Premature infants experience increased mechanisms of heat loss combined with decreased heat production capabilities. These special problems in temperature maintenance put them at a disadvantage compared with term infants; premature infants have the following:

Cold stress. Premature infants subjected to acute hypothermia respond with peripheral vasoconstriction, causing anaerobic metabolism and metabolic acidosis. This can cause pulmonary vessel constriction, which leads to further hypoxemia, anaerobic metabolism, and acidosis. Hypoxemia further compromises the infant’s response to cold. Premature infants are therefore at great risk for hypothermia and its sequelae (i.e., hypoglycemia, metabolic acidosis, increased oxygen consumption). The more common problem facing premature infants is caloric loss from unrecognized chronic cold stress, resulting in excess oxygen consumption and inability to gain weight.

Neonatal cold injury occurs in low birth weight infants (LBWs) and term infants with central nervous system (CNS) disorders. It occurs more often in home deliveries, emergency deliveries, and settings where inadequate attention is paid to the thermal environment and heat loss. These infants may have a bright
red color because of the failure of oxyhemoglobin to dissociate at low temperature. There may be central pallor or cyanosis. The skin may show edema and sclerema. Core temperature is often <32.2°C (90°F). Signs may include the following: (i) hypotension; (ii) bradycardia; (iii) slow, shallow, irregular respiration; (iv) decreased activity; (v) poor sucking reflex; (vi) decreased response to stimulus; (vii) decreased reflexes; and (viii) abdominal distention or vomiting. Metabolic acidosis, hypoglycemia, hyperkalemia, azotemia, and oliguria are present. Sometimes, there is generalized bleeding, including pulmonary hemorrhage. It is uncertain whether warming should be rapid or slow. Setting the abdominal skin temperature to 1°C higher than the core temperature in a radiant warmer will produce slow rewarming, and setting it to 36.5°C will also result in slow rewarming. If the infant is hypotensive, normal saline (10—20 mL/kg) should be given; sodium bicarbonate is used to correct metabolic acidosis. Infection, bleeding, or injury should be evaluated and treated.
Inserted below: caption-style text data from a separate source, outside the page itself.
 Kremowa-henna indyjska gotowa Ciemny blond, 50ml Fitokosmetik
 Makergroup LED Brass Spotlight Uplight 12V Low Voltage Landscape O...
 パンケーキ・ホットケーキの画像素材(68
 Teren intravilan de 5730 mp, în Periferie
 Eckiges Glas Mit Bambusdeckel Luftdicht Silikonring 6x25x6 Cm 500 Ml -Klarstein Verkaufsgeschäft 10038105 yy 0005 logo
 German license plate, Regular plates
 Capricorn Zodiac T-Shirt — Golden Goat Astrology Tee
Hyperthermia, defined as an elevated core body temperature, may be caused by a relatively hot environment, infection, dehydration, CNS dysfunction, or medications. Placing newborns in sunlight to control bilirubin is hazardous and may be associated with significant hyperthermia.

If environmental temperature is the cause of hyperthermia, the trunk and extremities are the same temperature and the infant appears vasodilated. In contrast, infants with sepsis are often vasoconstricted, and the extremities are 2°C to 3°C colder than the trunk.
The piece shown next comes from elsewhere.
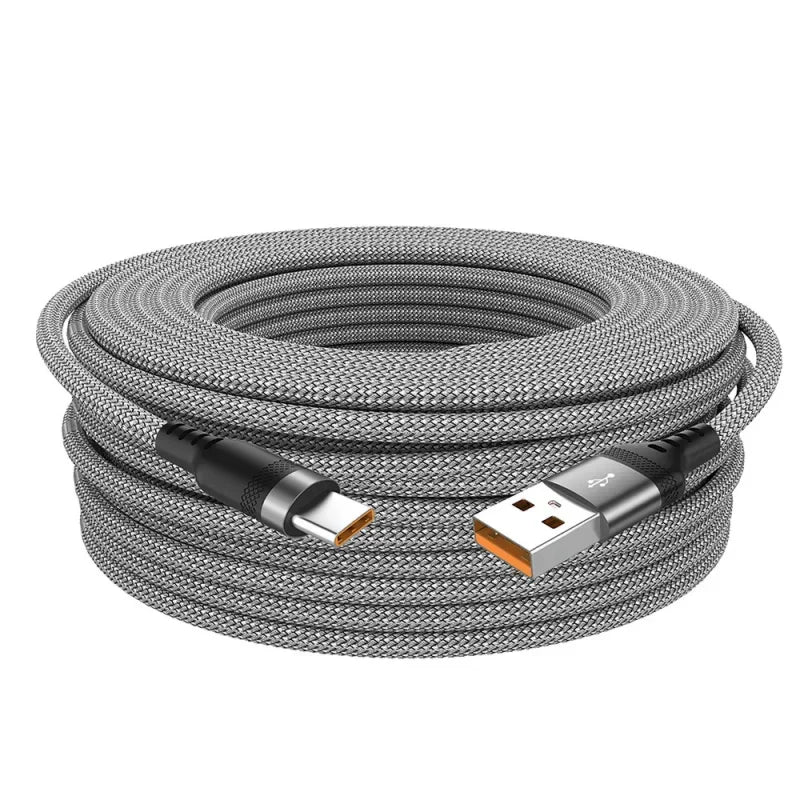 6A Extended USB TYPE-C Cable Braided Data Cable Suitable for Samsung, Huawei,Xiaomi Switch, Sony PS5 TYPE-C 8m,5m,3m,2m,1m Cable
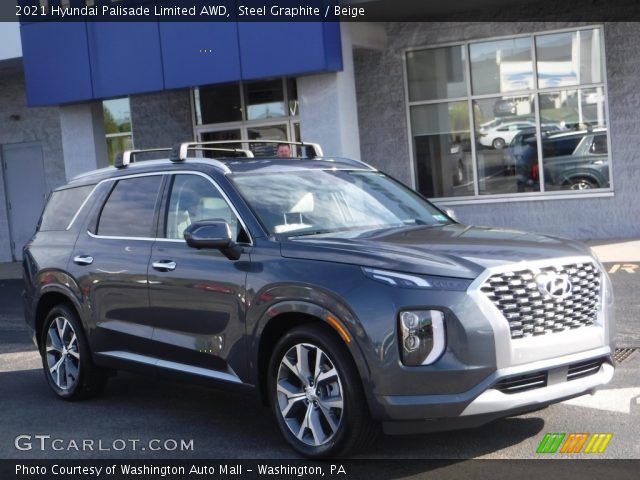 2021 Hyundai Palisade Limited AWD in Steel Graphite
Radiation. Heat dissipates from the infant to a colder object in the environment.

Convection. Heat is lost from the skin to moving air. The amount lost depends on air speed and temperature.

Evaporation. The amount of loss depends primarily on air velocity and relative humidity. Wet infants in the delivery room are especially susceptible to evaporative heat loss.

Conduction. This is a minor mechanism of heat loss that occurs from the infant to the surface on which he or she lies.